CHICAGO - Defaults by small and medium-sized U.S. businesses on loans, leases and credit lines to finance capital equipment investment fell for the first time in two years in December, adding to signs of a nascent economic recovery, PayNet Inc reported.
Accounts behind 180 days or more, or in default and unlikely to ever get paid, fell to 0.87 percent of total receivables in December from 0.89 percent in November, according to PayNet, which provides risk-management tools to the commercial lending industry.
The drop snapped a two-year increase in defaults which crept up steadily along with other measures of borrower stress as the economic downturn and the shutdown of the credit markets put the squeeze on businesses.
Accounts in moderate delinquency, or those behind by 30 days or more, fell in December to 4.22 percent from 4.26 percent in November, PayNet said Tuesday.
Accounts 90 days or more behind in payment, or in severe delinquency, fell to 1.34 percent in December from 1.41 percent in November.
The company's Small Business Lending Index, which measures the overall volume of financing, fell just 8.6 percent year-over-year in December, following a downwardly revised 8.4-percent decline in November. They were the first non-double-digit declines in nearly two years.

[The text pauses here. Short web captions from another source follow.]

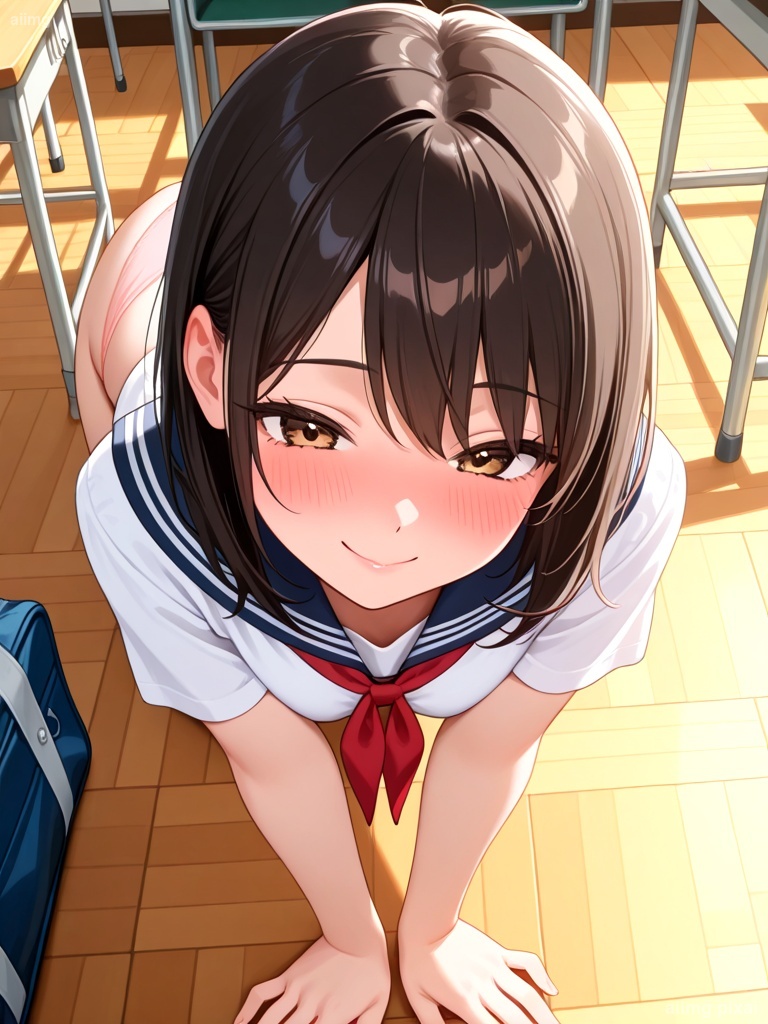 スカートを履いていない制服の女の子：2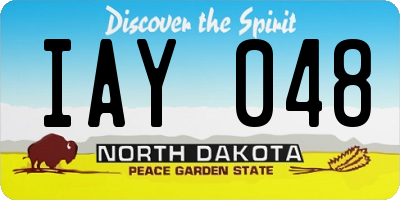 ND license plate IAY048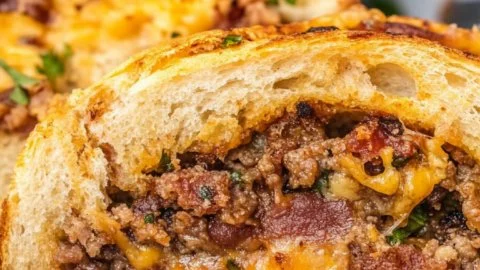 Homemade Garbage Bread filled with assorted ingredients and baked to perfection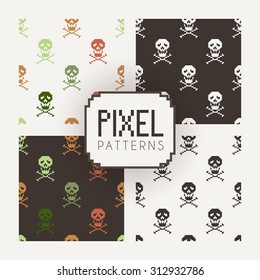 Set of vector seamless colorful and monochrome patterns of pixel skulls.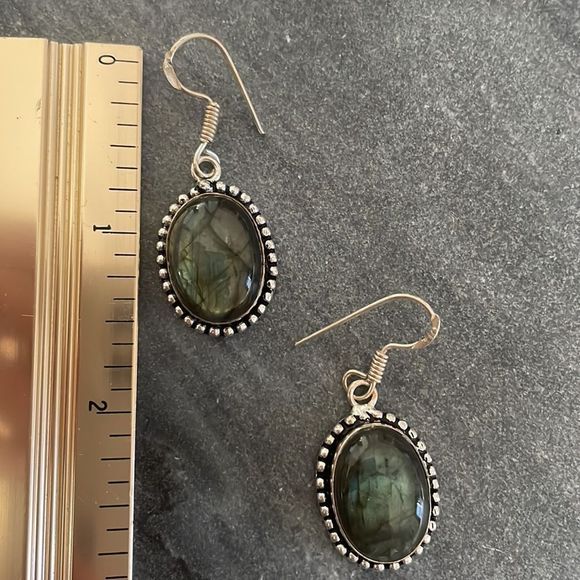 Labradorite Sterling Silver Earrings - Picture 4 of 5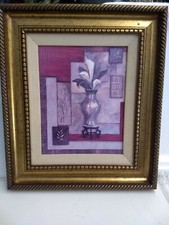 Pink White Violet Floral Bouquet In Vase Wall Art Vtg Gold Framed Picture Matted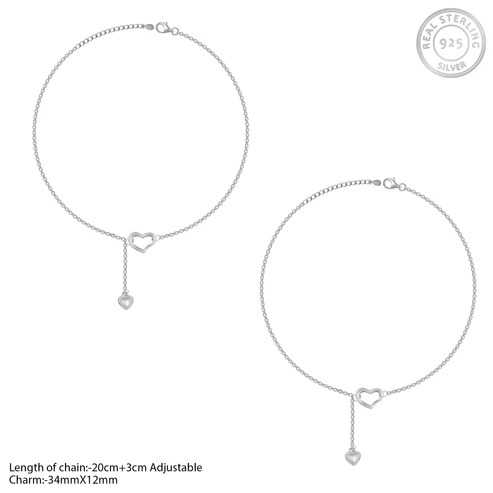 Niya Silver Heart Melting Chain Anklet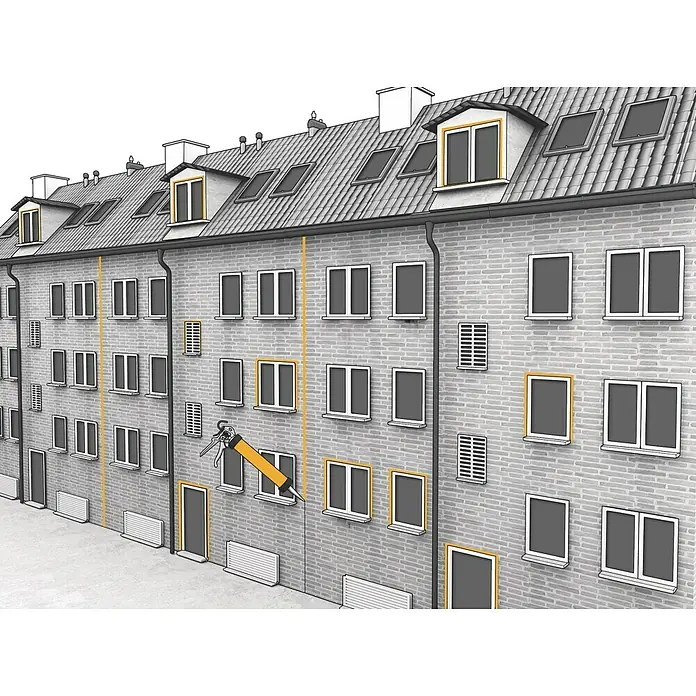 Sika Sikaflex Dichtstoff 402 - Betongrau, 290 ml - Eine Fassadenansicht, bei der die Abdichtung von Fenstern mit einer gelben Dichtpistole demonstriert wird, um Wärmebrücken zu reduzieren und Energie zu sparen.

Still, lending remained well below levels at the onset of the recent recession. And at more than 4 percent, moderate delinquencies on loan payments are running at more than twice the rate typical in better times, said Bill Phelan, PayNet's president and founder.
The headline here is that the recession in this economy is most likely over, but full recovery to pre-recessionary levels is still years away, Phelan said from PayNet's offices in Skokie, Illinois. It will likely be at least another 12 months before delinquencies fall to the pre-recession level of less than 2 percent, he said.

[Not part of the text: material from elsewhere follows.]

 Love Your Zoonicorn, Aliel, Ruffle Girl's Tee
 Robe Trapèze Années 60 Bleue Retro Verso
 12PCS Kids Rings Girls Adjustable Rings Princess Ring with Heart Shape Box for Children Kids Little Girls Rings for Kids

PayNet's data comes one day after the Institute of Supply Management said its closely watched index of national factory activity rose more than expected last month, hitting its highest level since 2004.

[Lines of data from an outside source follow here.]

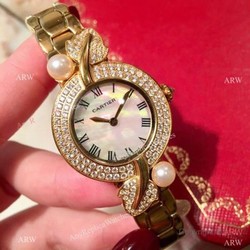 Swiss Quality Cartier Sapphire glass Yellow Gold Watch 33mm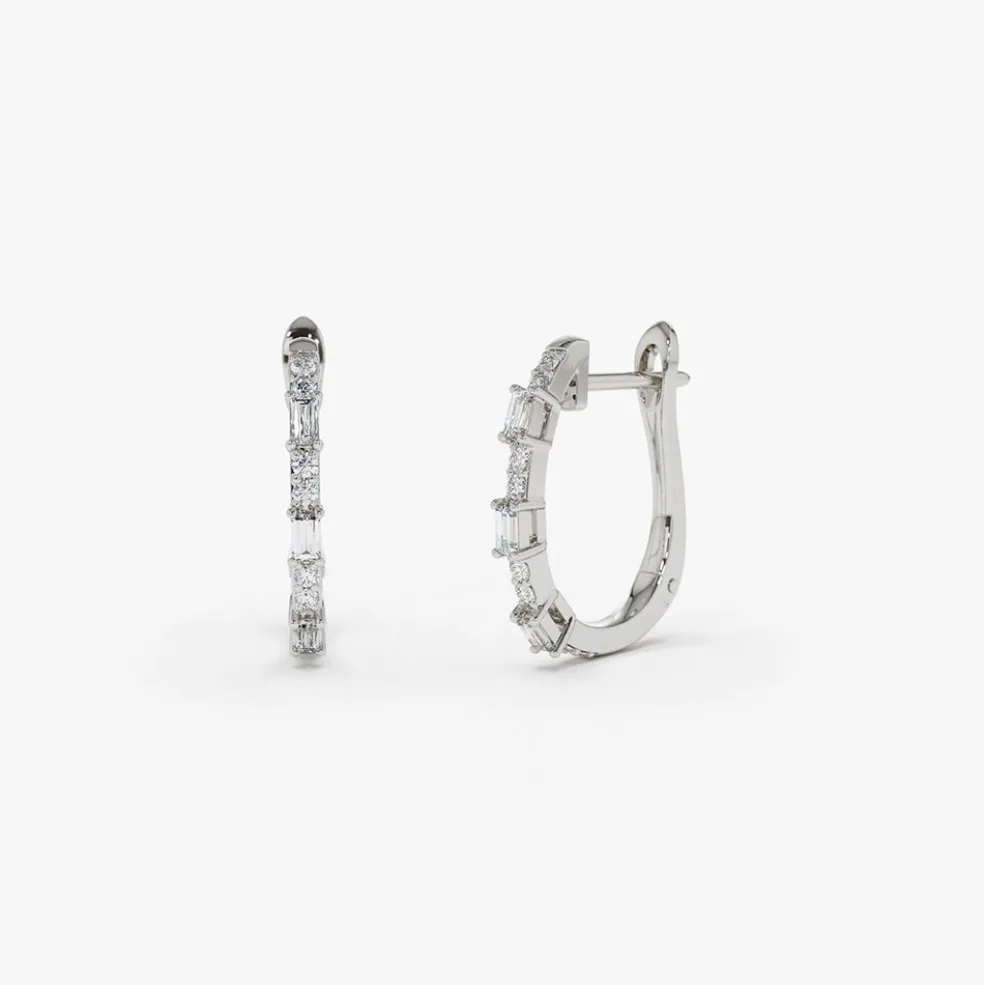 14K Gold Baguette And Round Diamond Earrings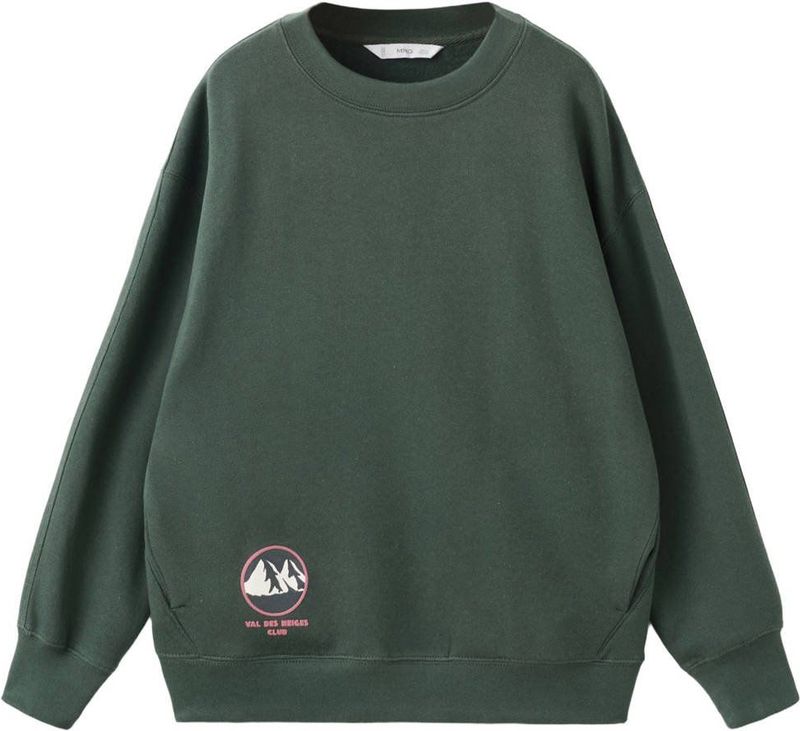Mango Kids - Sweater - Groen - Met Backprint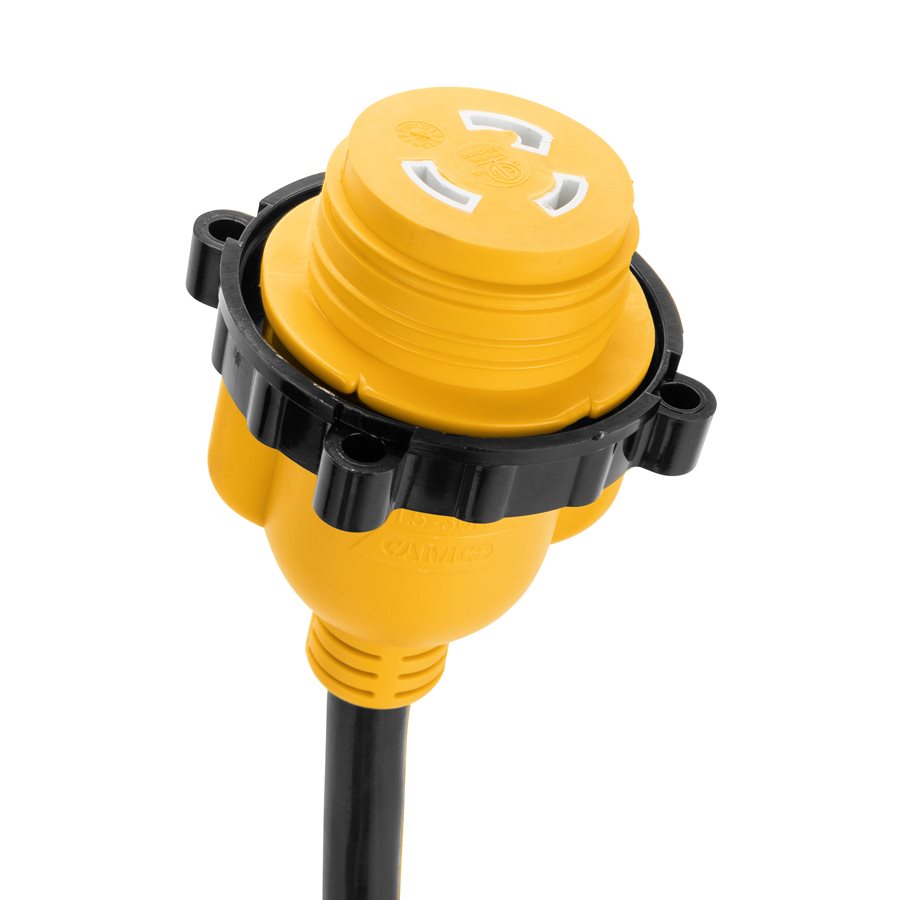 Camco Power Cord, 30 amp, 25 ft Length, Male NEMA TT-30P Plug And L5-30R Locking Female - 55501
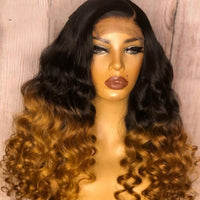 Human Hair Brazilian Remy Human Hair Wig Ombre Color Deep Wave Lace Front Wigs Pre Plucked Hairline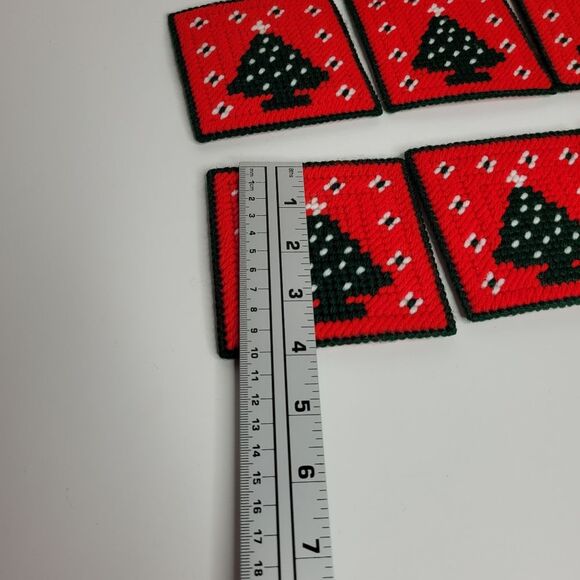 Christmas Tree Coasters Set of 6 Plastic Canvas Needlepoint Felted Trivets - Picture 3 of 5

The borrowing data suggests one more factor in the recovery: existing borrowers are repaying more loans on time, and lenders are less resistant to extending the credit needed for businesses to invest in capital equipment.
We really do see it as a sea change in demand for borrowing by small business, and in turn an indication of investment, Phelan said, referring to slowdown in the decline in lending in November and December.
PayNet collects real-time loan information, such as originations and delinquencies, from more than 200 leading U.S. capital equipment lenders.